LINCOLN CITY — On Friday, it was announced that the Oregon Government Ethics Commission had dismissed the ethics violation complaint that Justin Werner of Lincolncityhomepage.com made against the council and mayor of Lincoln City in 2018, despite investigator Diane Gould’s recommendation that they find them in violation of public meeting law.
It was explained in the Jan. 25 meeting that there is no hard and fast rule in this situation and it is taken case-by-case basis — repeatedly statement by multiple people in the meeting that the commission was in a difficult position with this case.
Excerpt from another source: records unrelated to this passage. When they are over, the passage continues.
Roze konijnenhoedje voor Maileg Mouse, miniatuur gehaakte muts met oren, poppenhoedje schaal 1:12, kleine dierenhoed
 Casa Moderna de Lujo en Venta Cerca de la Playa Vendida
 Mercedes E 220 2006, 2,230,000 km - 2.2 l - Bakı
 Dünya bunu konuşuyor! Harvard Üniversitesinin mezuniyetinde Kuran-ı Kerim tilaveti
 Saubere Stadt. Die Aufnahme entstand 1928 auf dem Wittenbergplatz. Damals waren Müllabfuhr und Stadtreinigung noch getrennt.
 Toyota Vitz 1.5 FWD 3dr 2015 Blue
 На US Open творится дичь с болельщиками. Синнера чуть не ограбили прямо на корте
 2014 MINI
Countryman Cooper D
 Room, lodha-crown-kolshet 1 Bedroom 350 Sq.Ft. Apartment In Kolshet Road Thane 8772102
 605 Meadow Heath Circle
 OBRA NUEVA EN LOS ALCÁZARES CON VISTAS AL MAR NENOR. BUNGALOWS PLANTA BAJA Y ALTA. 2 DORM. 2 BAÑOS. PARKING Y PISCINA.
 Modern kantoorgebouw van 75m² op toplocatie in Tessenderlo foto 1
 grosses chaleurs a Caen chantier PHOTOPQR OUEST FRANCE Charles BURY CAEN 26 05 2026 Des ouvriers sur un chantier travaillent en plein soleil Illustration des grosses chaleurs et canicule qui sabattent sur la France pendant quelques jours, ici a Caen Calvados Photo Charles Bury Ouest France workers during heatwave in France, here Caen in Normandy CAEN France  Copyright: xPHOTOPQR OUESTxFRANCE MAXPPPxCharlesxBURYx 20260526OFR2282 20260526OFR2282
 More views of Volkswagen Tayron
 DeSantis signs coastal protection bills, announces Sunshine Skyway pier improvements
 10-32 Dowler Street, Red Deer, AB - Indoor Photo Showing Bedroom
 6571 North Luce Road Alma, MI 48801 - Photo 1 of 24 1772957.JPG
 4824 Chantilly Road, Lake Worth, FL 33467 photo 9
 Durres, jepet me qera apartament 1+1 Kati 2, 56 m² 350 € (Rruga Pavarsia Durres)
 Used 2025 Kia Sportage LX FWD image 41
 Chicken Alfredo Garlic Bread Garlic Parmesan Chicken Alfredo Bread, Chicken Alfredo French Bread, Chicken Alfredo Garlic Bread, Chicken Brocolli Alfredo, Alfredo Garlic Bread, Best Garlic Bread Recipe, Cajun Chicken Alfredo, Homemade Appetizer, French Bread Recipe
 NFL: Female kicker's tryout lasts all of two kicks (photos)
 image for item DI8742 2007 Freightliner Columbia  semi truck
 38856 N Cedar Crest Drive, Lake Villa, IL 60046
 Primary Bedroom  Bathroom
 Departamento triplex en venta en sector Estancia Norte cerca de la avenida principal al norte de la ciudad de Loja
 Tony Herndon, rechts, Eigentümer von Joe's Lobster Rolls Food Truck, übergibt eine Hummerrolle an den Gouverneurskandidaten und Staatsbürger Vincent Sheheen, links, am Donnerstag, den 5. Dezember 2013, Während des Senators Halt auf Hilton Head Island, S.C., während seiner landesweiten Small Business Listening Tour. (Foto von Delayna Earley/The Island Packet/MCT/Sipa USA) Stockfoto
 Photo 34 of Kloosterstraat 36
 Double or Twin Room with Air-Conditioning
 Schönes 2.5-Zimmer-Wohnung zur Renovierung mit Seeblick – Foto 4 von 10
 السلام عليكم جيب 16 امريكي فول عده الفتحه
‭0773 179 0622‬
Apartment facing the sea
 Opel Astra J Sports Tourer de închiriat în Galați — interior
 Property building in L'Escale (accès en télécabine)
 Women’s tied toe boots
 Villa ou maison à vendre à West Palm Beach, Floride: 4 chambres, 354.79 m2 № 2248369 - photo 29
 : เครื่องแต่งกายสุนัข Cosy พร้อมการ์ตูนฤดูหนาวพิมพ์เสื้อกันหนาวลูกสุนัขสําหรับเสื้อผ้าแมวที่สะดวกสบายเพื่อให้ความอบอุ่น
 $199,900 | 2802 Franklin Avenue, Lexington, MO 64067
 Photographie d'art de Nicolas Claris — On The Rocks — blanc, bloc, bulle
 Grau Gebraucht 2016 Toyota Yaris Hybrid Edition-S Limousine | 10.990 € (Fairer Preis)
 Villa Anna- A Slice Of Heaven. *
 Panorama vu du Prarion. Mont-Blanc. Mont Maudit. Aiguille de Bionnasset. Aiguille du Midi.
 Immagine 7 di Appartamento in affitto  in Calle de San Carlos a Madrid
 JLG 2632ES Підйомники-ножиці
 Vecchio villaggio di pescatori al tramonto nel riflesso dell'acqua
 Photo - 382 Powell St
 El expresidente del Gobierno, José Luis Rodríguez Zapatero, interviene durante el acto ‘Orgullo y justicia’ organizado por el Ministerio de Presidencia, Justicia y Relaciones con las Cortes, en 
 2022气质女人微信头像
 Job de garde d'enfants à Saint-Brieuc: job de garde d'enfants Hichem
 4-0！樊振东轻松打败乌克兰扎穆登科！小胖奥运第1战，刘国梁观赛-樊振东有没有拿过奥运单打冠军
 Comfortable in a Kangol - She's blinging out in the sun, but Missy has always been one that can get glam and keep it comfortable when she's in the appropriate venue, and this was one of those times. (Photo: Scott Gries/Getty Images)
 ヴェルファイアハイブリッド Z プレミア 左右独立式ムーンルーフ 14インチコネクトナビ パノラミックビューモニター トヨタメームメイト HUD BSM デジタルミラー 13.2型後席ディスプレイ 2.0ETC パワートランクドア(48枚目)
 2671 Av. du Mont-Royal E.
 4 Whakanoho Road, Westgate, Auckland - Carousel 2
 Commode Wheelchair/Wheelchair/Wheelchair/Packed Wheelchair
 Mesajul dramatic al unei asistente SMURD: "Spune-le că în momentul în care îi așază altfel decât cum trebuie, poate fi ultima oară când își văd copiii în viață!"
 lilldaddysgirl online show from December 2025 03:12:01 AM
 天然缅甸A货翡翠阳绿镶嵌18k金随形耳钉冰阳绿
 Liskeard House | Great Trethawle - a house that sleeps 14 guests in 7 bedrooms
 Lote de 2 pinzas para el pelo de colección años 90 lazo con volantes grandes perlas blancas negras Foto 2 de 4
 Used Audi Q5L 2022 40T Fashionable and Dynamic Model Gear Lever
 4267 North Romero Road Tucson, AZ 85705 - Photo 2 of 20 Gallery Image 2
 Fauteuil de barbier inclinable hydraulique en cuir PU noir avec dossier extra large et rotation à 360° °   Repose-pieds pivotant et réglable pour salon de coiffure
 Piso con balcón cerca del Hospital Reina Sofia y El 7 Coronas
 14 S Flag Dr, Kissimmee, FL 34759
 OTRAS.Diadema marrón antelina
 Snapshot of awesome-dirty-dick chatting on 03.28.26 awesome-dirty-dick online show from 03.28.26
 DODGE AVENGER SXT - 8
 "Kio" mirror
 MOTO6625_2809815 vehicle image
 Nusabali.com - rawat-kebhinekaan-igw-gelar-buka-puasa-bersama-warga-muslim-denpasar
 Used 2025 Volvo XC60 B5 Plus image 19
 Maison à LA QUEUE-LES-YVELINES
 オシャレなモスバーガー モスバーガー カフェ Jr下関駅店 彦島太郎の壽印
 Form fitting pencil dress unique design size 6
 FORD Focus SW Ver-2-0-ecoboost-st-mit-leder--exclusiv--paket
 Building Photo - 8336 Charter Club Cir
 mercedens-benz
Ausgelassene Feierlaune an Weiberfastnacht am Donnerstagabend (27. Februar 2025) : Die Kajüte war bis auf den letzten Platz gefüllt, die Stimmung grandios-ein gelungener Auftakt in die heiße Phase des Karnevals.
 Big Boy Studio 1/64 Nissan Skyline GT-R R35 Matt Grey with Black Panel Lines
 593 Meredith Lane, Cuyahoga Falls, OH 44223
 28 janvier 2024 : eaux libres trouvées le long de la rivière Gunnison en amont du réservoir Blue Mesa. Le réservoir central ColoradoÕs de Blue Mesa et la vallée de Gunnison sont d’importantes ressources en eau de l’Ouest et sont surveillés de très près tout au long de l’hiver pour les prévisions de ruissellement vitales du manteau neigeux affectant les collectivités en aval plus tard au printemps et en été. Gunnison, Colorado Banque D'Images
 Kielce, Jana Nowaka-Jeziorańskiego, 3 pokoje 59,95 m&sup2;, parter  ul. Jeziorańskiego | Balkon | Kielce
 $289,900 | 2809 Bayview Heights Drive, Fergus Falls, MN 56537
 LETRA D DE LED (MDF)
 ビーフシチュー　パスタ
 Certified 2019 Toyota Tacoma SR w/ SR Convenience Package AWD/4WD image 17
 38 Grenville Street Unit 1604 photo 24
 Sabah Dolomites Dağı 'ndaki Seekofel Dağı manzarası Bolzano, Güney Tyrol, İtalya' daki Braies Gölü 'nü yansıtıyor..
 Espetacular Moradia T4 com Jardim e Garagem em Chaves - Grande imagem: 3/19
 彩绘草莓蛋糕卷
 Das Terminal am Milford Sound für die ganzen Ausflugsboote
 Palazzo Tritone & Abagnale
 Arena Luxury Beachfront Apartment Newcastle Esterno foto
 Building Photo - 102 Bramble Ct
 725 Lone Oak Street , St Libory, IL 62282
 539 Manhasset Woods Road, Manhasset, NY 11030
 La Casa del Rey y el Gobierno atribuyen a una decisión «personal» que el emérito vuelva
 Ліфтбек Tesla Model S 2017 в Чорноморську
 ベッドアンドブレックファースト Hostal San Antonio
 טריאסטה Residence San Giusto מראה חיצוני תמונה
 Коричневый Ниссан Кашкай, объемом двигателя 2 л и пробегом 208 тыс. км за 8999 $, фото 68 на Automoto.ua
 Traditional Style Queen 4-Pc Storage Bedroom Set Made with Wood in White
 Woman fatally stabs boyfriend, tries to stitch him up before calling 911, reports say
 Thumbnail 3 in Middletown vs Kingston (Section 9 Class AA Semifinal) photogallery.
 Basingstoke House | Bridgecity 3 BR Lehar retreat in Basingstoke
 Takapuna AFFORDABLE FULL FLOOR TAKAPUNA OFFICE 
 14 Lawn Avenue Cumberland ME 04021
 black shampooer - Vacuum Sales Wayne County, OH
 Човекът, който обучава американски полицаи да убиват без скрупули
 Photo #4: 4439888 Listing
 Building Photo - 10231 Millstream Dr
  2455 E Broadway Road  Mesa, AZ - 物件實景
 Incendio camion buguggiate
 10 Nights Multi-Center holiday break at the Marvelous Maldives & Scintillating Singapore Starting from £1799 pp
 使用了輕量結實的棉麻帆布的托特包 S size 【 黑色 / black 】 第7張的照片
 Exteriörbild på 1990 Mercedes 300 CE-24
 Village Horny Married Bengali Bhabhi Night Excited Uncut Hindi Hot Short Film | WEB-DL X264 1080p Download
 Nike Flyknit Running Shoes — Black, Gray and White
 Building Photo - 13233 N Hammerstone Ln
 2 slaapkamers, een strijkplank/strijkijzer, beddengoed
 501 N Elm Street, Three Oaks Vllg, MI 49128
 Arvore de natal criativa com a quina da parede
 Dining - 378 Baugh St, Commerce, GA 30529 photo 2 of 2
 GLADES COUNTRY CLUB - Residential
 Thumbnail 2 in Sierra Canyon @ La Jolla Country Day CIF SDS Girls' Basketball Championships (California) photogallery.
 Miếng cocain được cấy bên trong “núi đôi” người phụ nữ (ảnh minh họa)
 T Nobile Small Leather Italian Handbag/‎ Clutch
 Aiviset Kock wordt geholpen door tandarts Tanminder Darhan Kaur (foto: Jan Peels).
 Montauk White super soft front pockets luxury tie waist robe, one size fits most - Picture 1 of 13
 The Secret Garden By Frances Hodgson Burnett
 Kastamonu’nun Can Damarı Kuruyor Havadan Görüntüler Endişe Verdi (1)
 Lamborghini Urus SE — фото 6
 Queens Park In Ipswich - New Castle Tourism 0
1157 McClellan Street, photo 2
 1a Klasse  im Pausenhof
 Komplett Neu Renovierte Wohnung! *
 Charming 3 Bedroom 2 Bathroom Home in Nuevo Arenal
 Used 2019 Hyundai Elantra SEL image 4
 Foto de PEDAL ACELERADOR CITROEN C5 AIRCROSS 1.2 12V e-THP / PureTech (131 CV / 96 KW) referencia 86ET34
One such factor that makes this case “messy,” as one commissioner described it, is that under Oregon legislation passed in 2015, the ethics commission “may not adopt rules that establish what entities are considered representatives of the news media” — nor is the term “news media” defined in public meeting law.
And, while Lincoln City has a media policy outlined on their site — which is legal — it is the opinion of the attorney general that enforcement of a policy or the requirement of advance notice results in the exclusion of a news media representative from a meeting, then the exclusion is a violation of public meeting law.
In addition, it was noted in the report that the council and city staff have previously corresponded with Justin Werner as a representative of Lincoln City Homepage. Werner and his staff have covered the city council with increasing frequency since 2015.
As part of the Gould’s conclusion that this exclusion was a violation of the law, she pointed out that “the requirement that a representative of the news media submit ‘substantial evidence’ to the City Council ‘30 days in advance of the first executive session that the entity desires to attend’ is impractical, as one does not know until an agenda is published, usually a few days prior to the meeting, when an executive session is planned and for what purpose.”
Due to the lack of statutory definitions for “news media” and the complicated nature of the case, it was moved that the commission dismiss the complaints altogether, rather than finding the councilors and mayor in violation or not in violation of public meeting law. The motion passed, 7-2.
However, in discussion, Commissioner Kamala Shugar expressed a hope that Lincoln City would make plans for a more transparent process in considering potential representatives of the news media.
“The tip of the spear for freedom of the press took a glancing blow with this outcome," Werner told the News-Times on Monday.
He also added that, “satisfying the community with coverage of local news is our primary goal and this decision doesn't do anything to stop us — in fact, it helps.”
Neither sitting mayor Dick Anderson nor the council president, Judy Casper, immediately returned comment on the outcome of the complaints.